*Information shown*:
# # # #
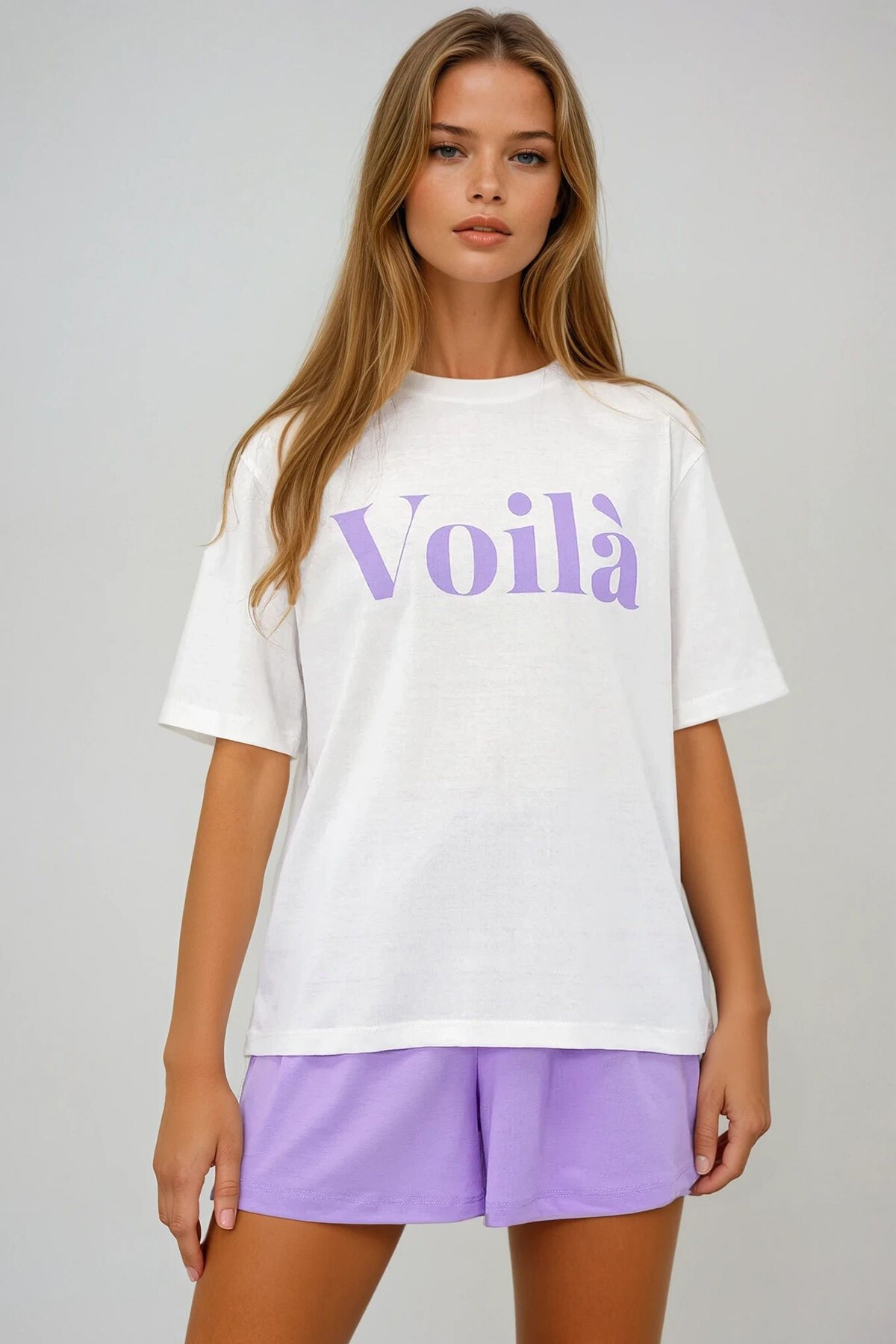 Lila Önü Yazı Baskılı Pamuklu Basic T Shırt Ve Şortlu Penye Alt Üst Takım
# # # #
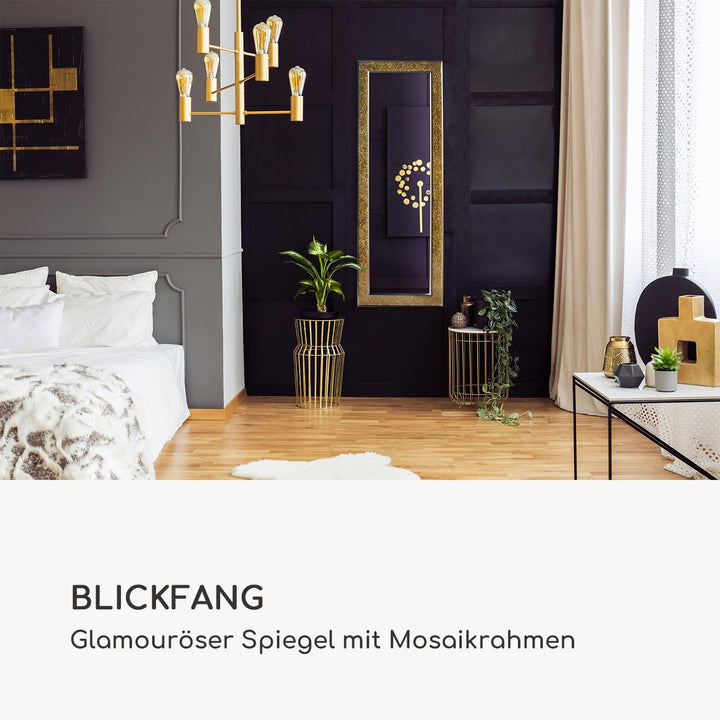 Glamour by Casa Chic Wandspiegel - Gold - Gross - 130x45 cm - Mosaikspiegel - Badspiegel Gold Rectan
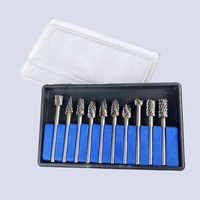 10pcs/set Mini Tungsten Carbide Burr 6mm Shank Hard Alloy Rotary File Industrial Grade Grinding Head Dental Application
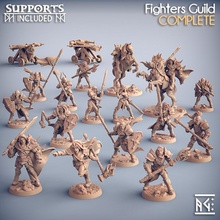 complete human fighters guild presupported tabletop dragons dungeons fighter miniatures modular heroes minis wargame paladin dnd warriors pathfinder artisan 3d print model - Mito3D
# # # #
*Brief*: Reproduce the data above exactly, but only the lines from the one showing "10pcs/set Mini Tungsten" through the one showing "complete human fighters", with both ends kept and the pictures left out.

*Finished exercise*:
 10pcs/set Mini Tungsten Carbide Burr 6mm Shank Hard Alloy Rotary File Industrial Grade Grinding Head Dental Application
 complete human fighters guild presupported tabletop dragons dungeons fighter miniatures modular heroes minis wargame paladin dnd warriors pathfinder artisan 3d print model - Mito3D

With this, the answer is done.